I just stumbled across a relatively new swath of right wing postings about how the Federal Government used the Community Reinvestment Act (CRA) to "force" so many financial institutions into making risky loans. I actually went to this Department of Justice posting of an opinion issued to the Comptroller of the Currency by Bill Clinton's Assistant Attorney General Walter Dellinger on 15 December 1994. The most instructive excerpt is:
We believe that Congress has plainly spoken on the question of what enforcement tools are available to the agencies under the CRA. The CRA provides for enforcement only in the application context, requiring that the agencies shall take an institution's record of meeting the credit needs of its community into account when evaluating that institution's application for a deposit facility. Congress specified only this one enforcement mechanism in the CRA, and we do not believe it is permissible for the agencies to employ other enforcement mechanisms, on the authority of the CRA, in the absence of some basis in the text of the statute. Agencies may act only pursuant to delegations of power that are explicit or can fairly be implied from the statutory scheme. See Railway Labor Executives Ass'n v.
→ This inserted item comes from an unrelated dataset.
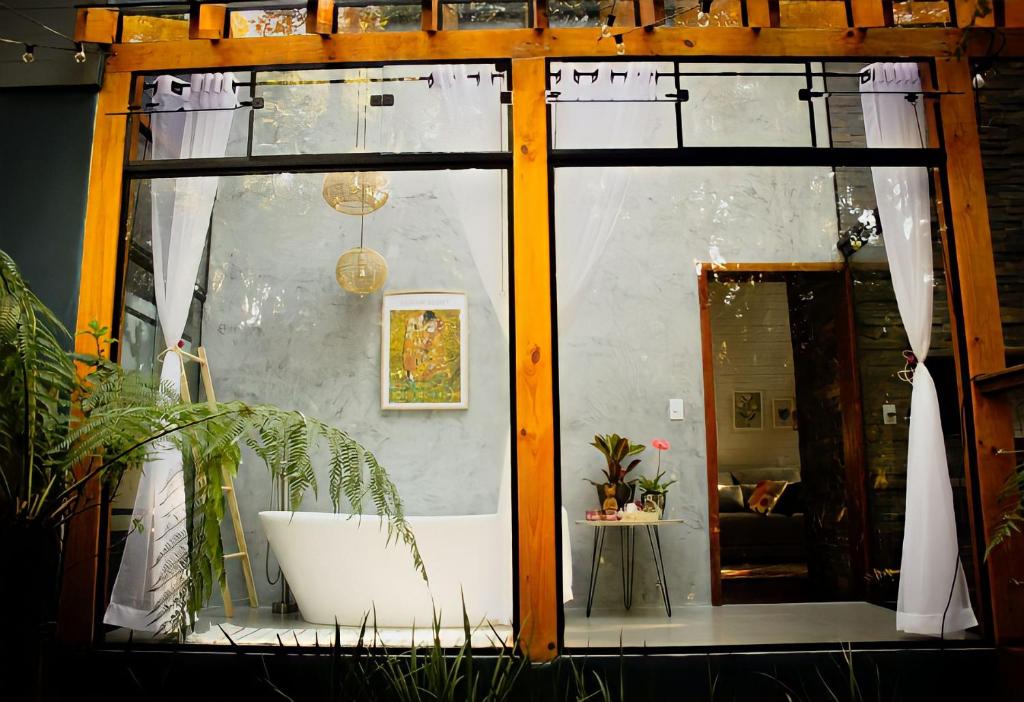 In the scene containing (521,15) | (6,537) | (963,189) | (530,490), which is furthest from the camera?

National Mediation Bd., 29 F.3d 655, 670-71 (D.C. Cir. 1994) (en banc).
The CRA contains no express directive for the agencies to use any other modes of enforcement, much less such coercive enforcement as cease-and-desist orders and monetary penalties, and there is no basis for inferring such authority from any provision in the statute.
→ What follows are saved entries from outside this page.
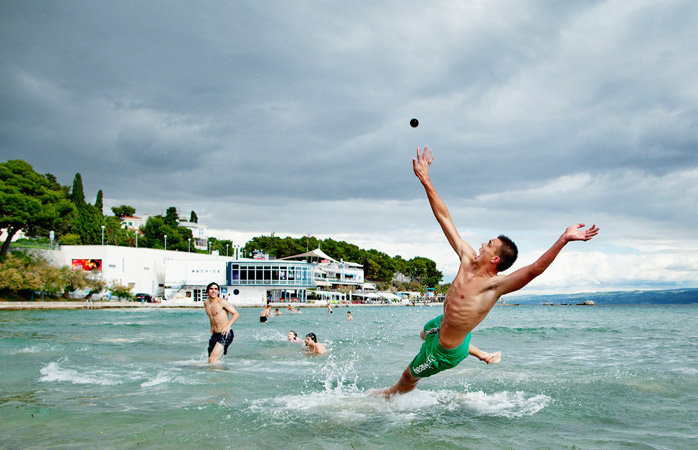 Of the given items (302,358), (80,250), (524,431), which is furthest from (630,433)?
(80,250)

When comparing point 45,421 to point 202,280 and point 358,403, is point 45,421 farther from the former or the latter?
point 202,280

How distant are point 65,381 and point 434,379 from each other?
6736 millimetres

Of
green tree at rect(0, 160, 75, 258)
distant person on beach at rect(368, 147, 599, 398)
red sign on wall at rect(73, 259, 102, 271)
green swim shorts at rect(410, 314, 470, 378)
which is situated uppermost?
green tree at rect(0, 160, 75, 258)

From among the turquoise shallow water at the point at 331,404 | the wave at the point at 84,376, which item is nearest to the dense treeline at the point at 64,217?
the turquoise shallow water at the point at 331,404

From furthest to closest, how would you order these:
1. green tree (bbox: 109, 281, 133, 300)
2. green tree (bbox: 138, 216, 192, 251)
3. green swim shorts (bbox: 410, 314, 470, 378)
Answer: green tree (bbox: 138, 216, 192, 251) < green tree (bbox: 109, 281, 133, 300) < green swim shorts (bbox: 410, 314, 470, 378)

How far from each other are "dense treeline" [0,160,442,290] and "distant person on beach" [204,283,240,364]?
149 feet

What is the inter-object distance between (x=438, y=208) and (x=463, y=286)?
0.87 metres

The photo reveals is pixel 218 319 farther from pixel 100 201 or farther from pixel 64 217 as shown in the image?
pixel 100 201

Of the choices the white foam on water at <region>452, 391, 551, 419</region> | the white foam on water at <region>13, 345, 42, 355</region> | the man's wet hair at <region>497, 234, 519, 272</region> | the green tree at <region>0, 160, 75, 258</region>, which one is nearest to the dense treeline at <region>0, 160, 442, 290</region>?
the green tree at <region>0, 160, 75, 258</region>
Footnote 7 is even more illuminating as to the nearly complete impotence of the CRA to "force" anybody to do anything.
The case law recognizes that while the agencies are authorized to refuse to approve applications from financial institutions that do not meet the credit needs of their communities, they are not required to do so. In one case that involved a challenge to an agency's approval of an institution's application to open a branch office, the court refused to invalidate the approval on the grounds that the agency and the requesting institution had allegedly failed to comply with the requirements of the CRA. Corning Sav. & Loan Ass'n v. Federal Home Loan Bank Bd., 571 F. Supp. 396 (E.D. Ark. 1983), aff'd, 736 F.2d 479 (8th Cir. 1984). The court stated that "[t]he CRA itself does not provide for any sanctions for an unsatisfactory record, nor does it even define what an unsatisfactory record would be. The CRA merely requires that the Board assess an institution's community credit record and consider that record when evaluating branch applications."
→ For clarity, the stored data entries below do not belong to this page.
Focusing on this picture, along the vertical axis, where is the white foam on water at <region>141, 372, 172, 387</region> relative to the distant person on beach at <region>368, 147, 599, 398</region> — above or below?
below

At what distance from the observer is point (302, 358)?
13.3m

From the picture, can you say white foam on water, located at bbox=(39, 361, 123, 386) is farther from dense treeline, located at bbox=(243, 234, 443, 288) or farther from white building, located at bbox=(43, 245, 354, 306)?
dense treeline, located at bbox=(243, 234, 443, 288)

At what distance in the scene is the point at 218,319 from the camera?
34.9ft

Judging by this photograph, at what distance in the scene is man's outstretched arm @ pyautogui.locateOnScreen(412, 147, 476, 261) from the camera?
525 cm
Go to the link and read the entire text for yourself. If you are persuaded that the CRA enforcement mechanisms described made it the incredibly powerful blunt force instrument the right wingers contend, maybe you will support my idea. Modeled on the draconian punishment threat of the CRA, lets revise drug trafficking laws to eliminate criminal sanctions and even civil fines and penalties. If caught, just empower the police to deny drug dealers any ability to expand their business, take on new customers, or merge with other dealers. Obviously, if like the banks, they were denied the ability to do any of those things, they would be compelled to just pack it in and give up. Hell, the CRA sanctions were so scary that financial institutions not even covered by the CRA were intimidated and fell in line.